Afterlife Page 2
I found one case particularly fascinating and intriguing; it concerned a university professor called Art, whose first marriage had been unsuccessful, and who was about to embark on a second. He was beginning to experience a deep reluctance to go through with the marriage, and he associated this with ‘inner storms’ in which a censorious voice criticised him and various people he knew. He was vaguely aware that the voice sounded like his mother — who was living in Detroit — and he had arrived at the commonsense explanation that the voice was some negative aspect of himself, and that he had somehow incorporated elements of his mother, who had always been intensely possessive towards him.
Crabtree followed his usual procedure, placing Art in a state of deep relaxation, and then opening a dialogue with the mother, who was called Veronica.

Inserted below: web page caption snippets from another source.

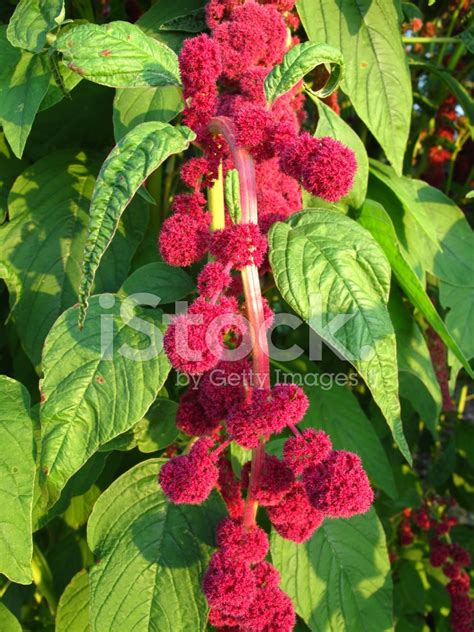 Globe Amaranth Stock Photo | Royalty-Free | FreeImages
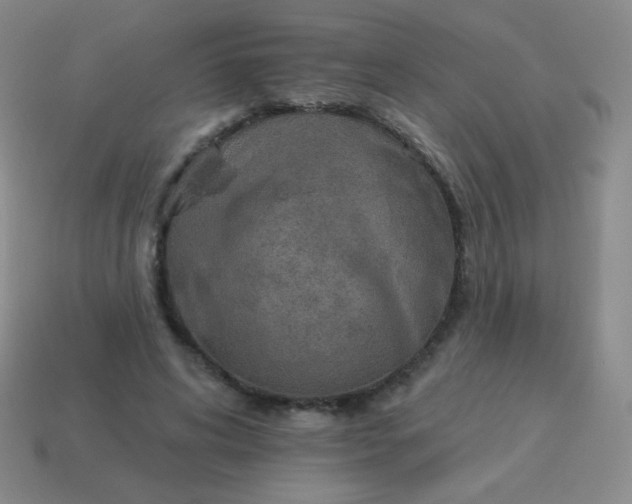 X0000115070592200911101304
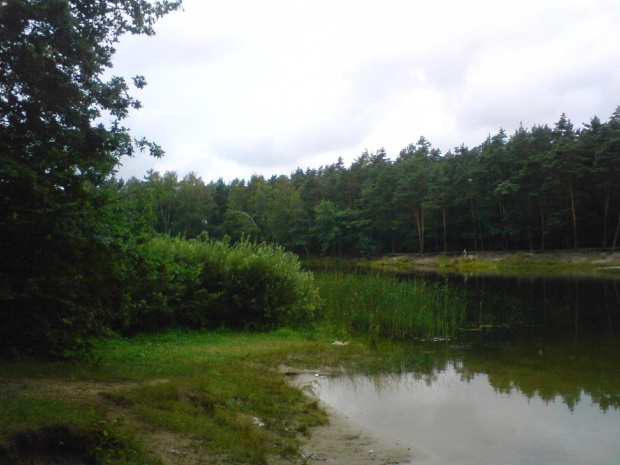 Mały akwen na Kuźniczkach dzielnicy miasta Kędzierzyn Koźle #JezioroKuźniczka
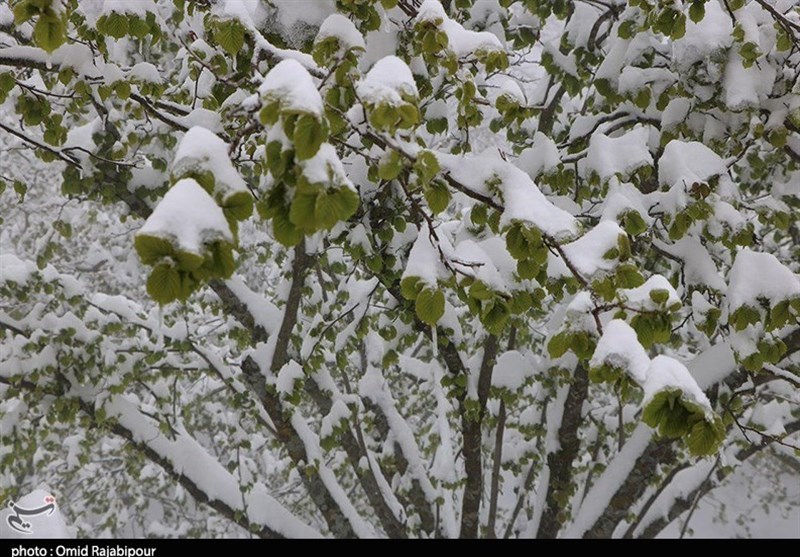پاکستان: کہیں گرمی کہیں سردی، بالایی علاقوں کی حسین وادیوں میں برفباری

Veronica was perfectly willing to talk at length about her relation to her son, and about why she disapproved of so many of his friends. ‘Veronica came across as blatantly, almost naively, self-centred …’ She explained that she simply wanted to make her son recognise that many people he trusted — including his future wife — were stupid and scheming and not worthy of his respect.
Crabtree asked her if she thought all this interference could be good for her son, or even good for herself, and she finally admitted that the answer was probably no. In Detroit she was living a drab and boring life, and Crabtree pointed out that if she paid more attention to her own affairs and less to her son’s, things might improve.

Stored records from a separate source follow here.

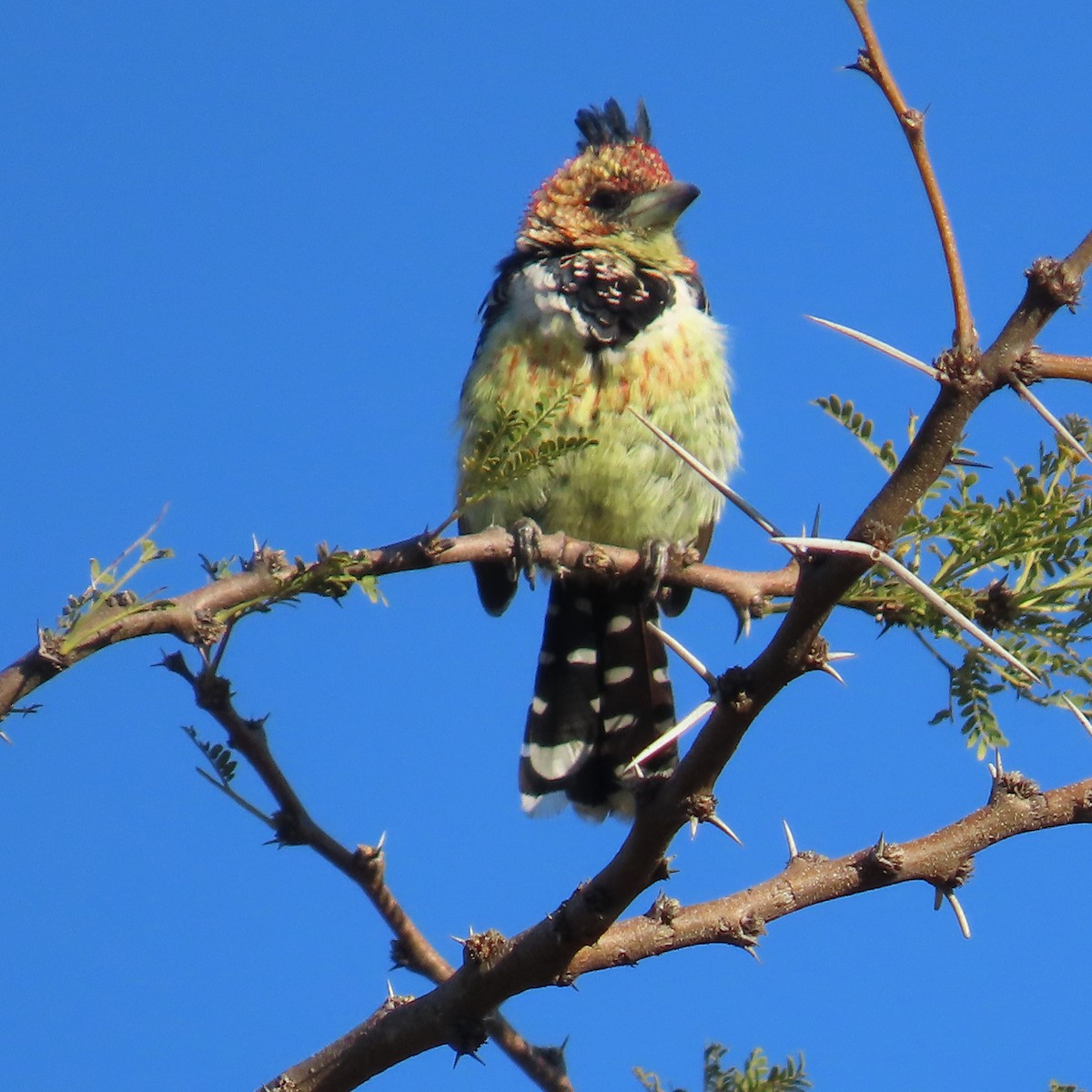 Crested Barbet - ML644457372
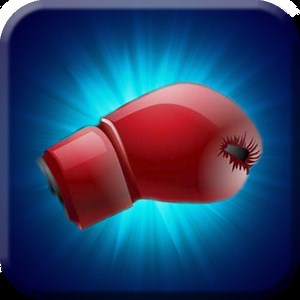 Punch Meter Pro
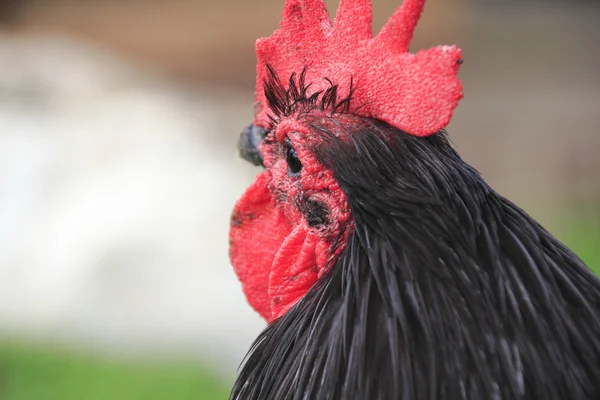 Close Up Left  Three Quarter Profile of Rooster — Stock Photo, Image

During the therapy, Art’s mother discovered that she had a cancerous growth, and had to have an operation. The ‘Veronica’ who spoke through Art’s mouth agreed that this might be because she was robbing herself of vitality by ‘possessing’ her son. And at this point, Art’s ‘inner voice’ began to fade, until he finally ceased to hear it. But there was a remarkable change in his mother in Detroit. She had been experiencing a slow deterioration, and emotional withdrawal from life. Now, suddenly, her vitality began to return; she started going out and making new friends. ‘She seemed to have gained the proverbial “new lease” on life.’
Crabtree insists that his own attitude towards such cases is not that of a believer in the paranormal; he claims to be merely an observer, a phenomenologist, who simply treats each case ‘as if it were possession. And clearly, there is nothing contradictory in such an attitude; Susan and Sarah and Art could have been manufacturing the voices themselves; the unconscious mind is capable of far more remarkable feats. Still, the fact remains that most readers will feel that, taken all together, these cases make an overwhelming impression of being something more than unconscious self-deception.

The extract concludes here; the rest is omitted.